O diretor Rémi Bezançon com a ajuda de sua companheira habitual, Vanessa Portal, adaptam o livro de David Foenkinos, que envolve vários personagens dissonantes, e uma caça de uma dupla formada por Jean-Michel e Joséphine Rick, filha do escritor do livro de sucesso. O casal aos poucos vai se estabelecendo contra todas as probabilidades, quase que forçando um inusitado romance sem substância entre os dois, e apesar de resumida, a trama criada para o filme a partir do livro constrói uma linha de causalidades que nos cativa ao acompanharmos esses inusitados heróis nessa busca pela verdade.

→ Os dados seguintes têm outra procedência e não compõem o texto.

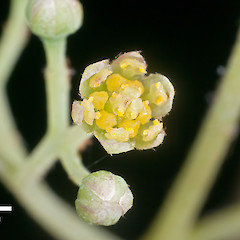 Flower. Upper Hutt.<br>Photographer: Jeremy R. Rolfe, Date taken: 14/01/2011, Licence: <a target='_blank' href='https://creativecommons.org/licenses/by/4.0'>CC BY</a>.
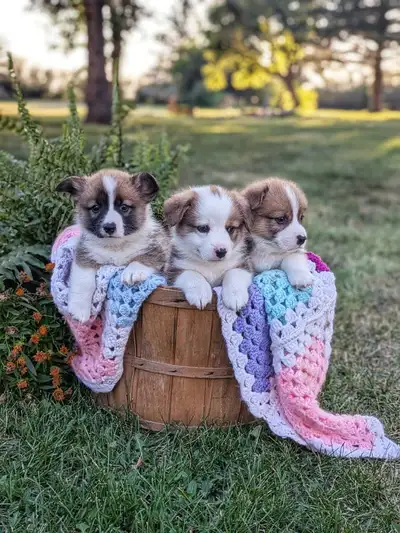 Adorable Pembroke Welsh Corgi Puppies, View more
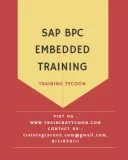 SAP BPC Embedded Training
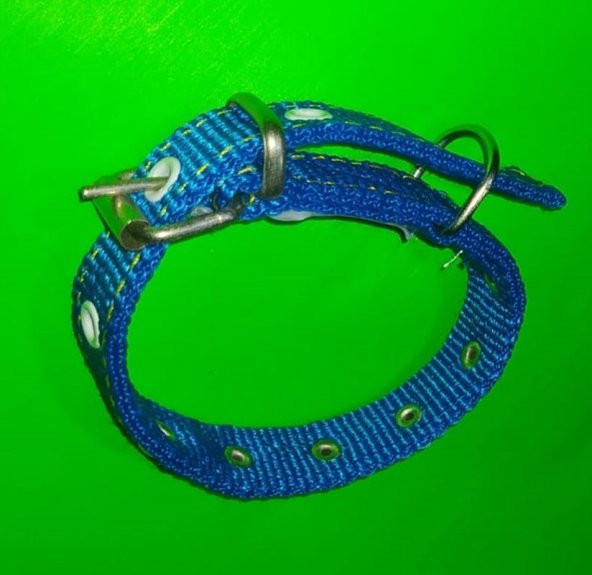 40 CM X2CM SÜSLU YAVRU TASMA MAVİ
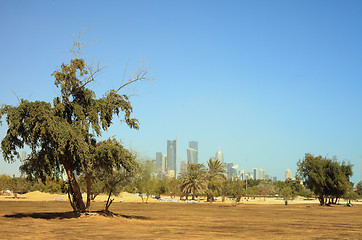 Image showing Greening Qatar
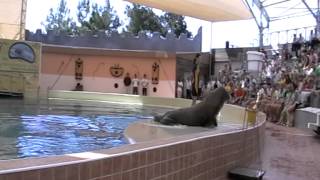 dolphinarium Troy, 2009, walrus show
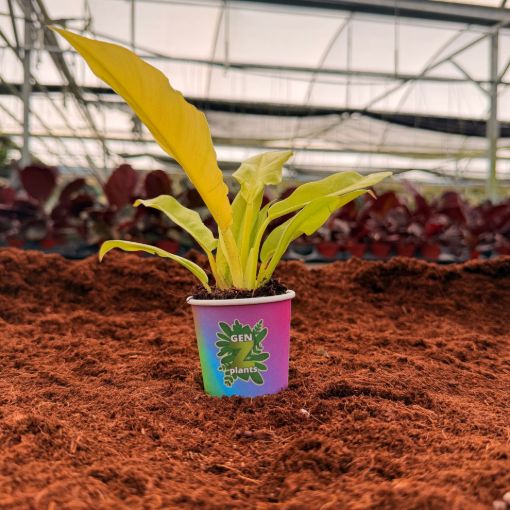 Picture of Philodendron Golden Crocodile 2"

A dupla de roteiristas acerta em usar das várias vozes do livro apenas uma, pois assim não se perde o foco da narrativa e contam a mesma história sob um ponto de vista fácil de entender: um crítico literário. Obviamente ele irá ser contra truques de marketing que tentem vender uma mentira, mas como o espectador também gostaria que um best-seller tivesse sido escrito por este pizzaiolo simples do interior, nos dando a oportunidade de vislumbrar a fantasia de que qualquer um pode escrever literatura, a persona de Jean-Michel é contraditória aos nossos instintos ao mesmo tempo que vira a voz da razão. E a difícil arte de manter os dois lados em um conflito interno é desempenhado do começo ao fim.
Este é um filme que está apaixonado pelo seu sub-gênero de mistério, e sua trilha sonora hitchcockana faz leve referência a Um Corpo que Cai evocando ainda mais a ambiguidade entre uma mentira desejável e uma verdade desagradável. Mas não só a música inspira isso, como o ambiente místico da cidadezinha secular no campo, o uso da bicicleta para se locomover pela estrada tendo o mar como horizonte.

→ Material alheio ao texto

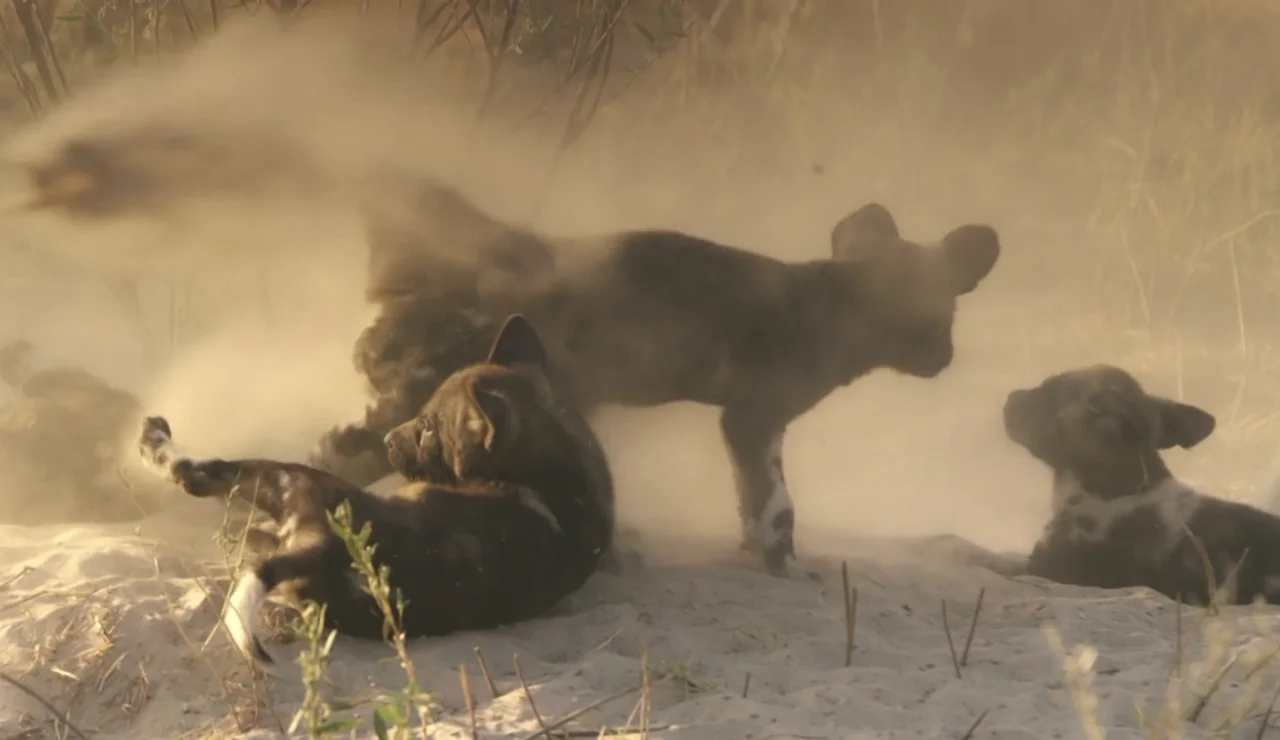 Tras el acecho de una leona, el perro salvaje africano y sus crías disfrutan del desierto
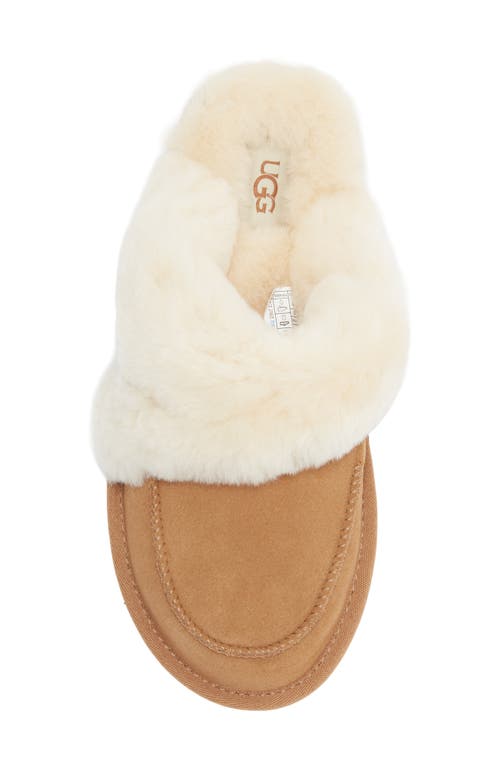 Ugg ® Loria Genuine Shearling Lined Slipper In Brown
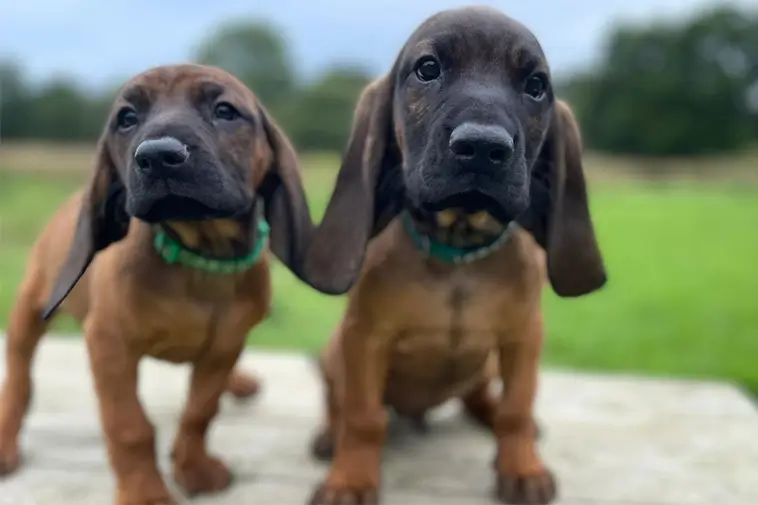 Allt om Bayersk Viltspårhund: Egenskaper, ursprung, hälsa och skötsel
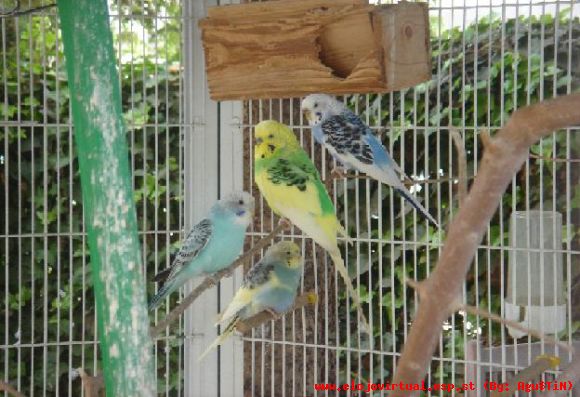 Los Periqutos Posando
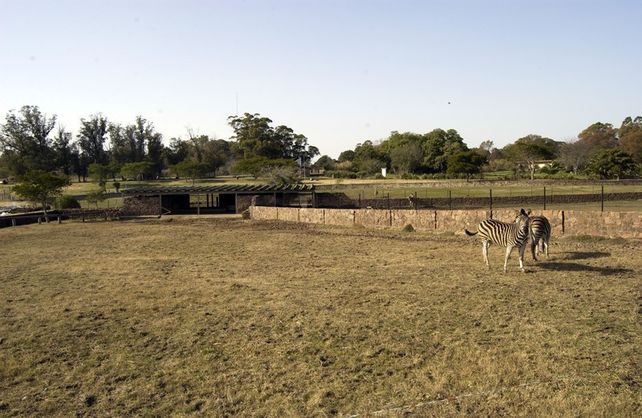 Parque Lecoq.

Porém, esta também é uma comédia leve que nos faz acompanhar a investigação com irreverência, nos remetendo aos lúdicos jogos de criança. Isso acontece, porque este não é um caso de “quem matou?”, mas um mero “quem escreveu?”, e o peso dessa pergunta é menor que a obstinação de seu protagonista, exatamente quando nós, crianças, nos aventuramos por uma busca, não importando necessariamente quase qual o objetivo.

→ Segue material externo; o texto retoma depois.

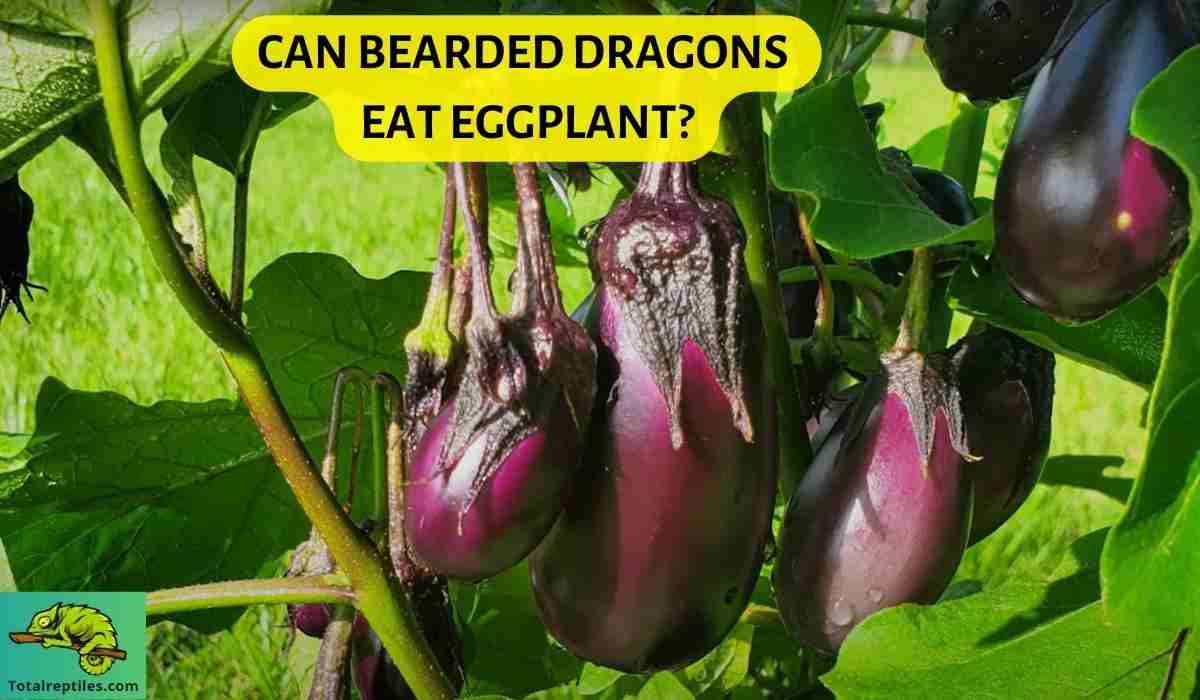 Can Bearded Dragons Eat Eggplant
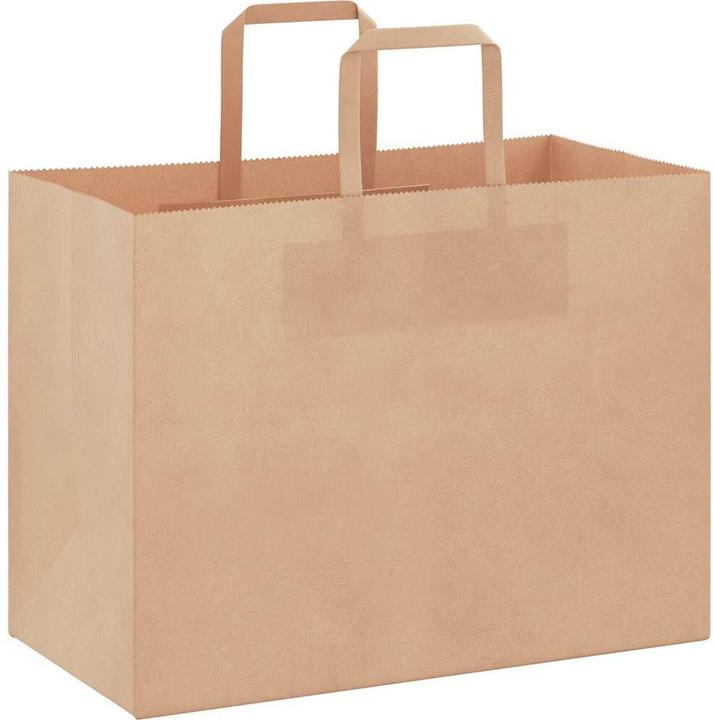 Immagine prodotto VidaXL Sacchetti di carta kraft 50 pezzi con maniglia marrone 32x17x25 cm (Borsa da regalo, 50 x)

O Mistério de Henri Pick pode, então, ser considerada diversão despretensiosa, não fosse seu sub-texto que sussurra em nossos ouvidos em alguns momentos da investigação. É uma biblioteca de manuscritos rejeitados pelas editoras, a história sobre um livro ser mais importante que o livro em si e a antipatia que as pessoas nutrem pelo crítico em busca da verdade. Todos esses elementos nos querem dizer que há algo de errado com a literatura. Mas deixemos isso para depois. A investigação é uma atividade mais prazerosa por enquanto.
“Le Mystère Henri Pick” (Fra/Bel, 2019), escrito e dirigido por Rémi Bezançon, com Vanessa Portal, David Foenkinos. Com Fabrice Luchini, Camille Cottin e Alice Isaaz.